National Science Day is celebrated every year on February 28, the day when CV Raman discovered the Raman Effect, a phenomenon in spectroscopy. The theme of the National Science Day 2022 is, “integrated approach in science and technology for a sustainable future”
CV Raman discovered the Raman Effect in 1928 while working in the laboratory of the Indian Association for the Cultivation of Science, Kolkata, which helped him in winning the prestigious Nobel Prize in 1930.

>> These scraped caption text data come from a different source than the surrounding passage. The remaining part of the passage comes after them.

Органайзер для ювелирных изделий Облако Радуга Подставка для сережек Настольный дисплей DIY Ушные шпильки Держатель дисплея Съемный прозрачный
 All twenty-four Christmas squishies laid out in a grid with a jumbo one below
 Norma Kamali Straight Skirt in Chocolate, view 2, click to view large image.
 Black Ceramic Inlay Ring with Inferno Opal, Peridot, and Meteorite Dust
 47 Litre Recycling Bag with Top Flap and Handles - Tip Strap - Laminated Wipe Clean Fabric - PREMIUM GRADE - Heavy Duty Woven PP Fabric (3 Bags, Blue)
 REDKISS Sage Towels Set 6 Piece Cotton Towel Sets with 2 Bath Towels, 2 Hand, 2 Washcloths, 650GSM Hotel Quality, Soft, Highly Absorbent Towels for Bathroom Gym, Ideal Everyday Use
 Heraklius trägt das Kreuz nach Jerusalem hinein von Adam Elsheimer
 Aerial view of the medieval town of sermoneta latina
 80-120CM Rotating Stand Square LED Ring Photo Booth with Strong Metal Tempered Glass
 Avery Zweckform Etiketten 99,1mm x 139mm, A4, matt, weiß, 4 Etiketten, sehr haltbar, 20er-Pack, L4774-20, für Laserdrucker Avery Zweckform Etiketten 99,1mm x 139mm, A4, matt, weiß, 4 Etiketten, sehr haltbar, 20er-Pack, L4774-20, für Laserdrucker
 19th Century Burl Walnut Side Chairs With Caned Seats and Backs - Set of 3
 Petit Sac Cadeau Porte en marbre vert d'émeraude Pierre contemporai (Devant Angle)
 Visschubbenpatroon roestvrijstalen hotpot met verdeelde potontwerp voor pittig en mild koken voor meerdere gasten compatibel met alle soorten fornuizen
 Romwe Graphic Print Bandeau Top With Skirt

About Raman Effect: Raman Effect, change in the wavelength of light that occurs when a light beam is deflected by molecules. When a beam of light traverses a dust-free, transparent sample of a chemical compound, a small fraction of the light emerges in directions other than that of the incident (incoming) beam. Most of this scattered light is of unchanged wavelength. A small part, however, has wavelengths different from that of the incident light; its presence is a result of the Raman Effect. The phenomenon is named for Indian physicist Sir Chandrasekhara Venkata Raman, who first published observations of the effect in 1928. (Austrian physicist Adolf Smekal theoretically described the effect in 1923. It was first observed just one week before Raman by Russian physicists Leonid Mandelstam and Grigory Landsberg; however, they did not publish their results until months after Raman.)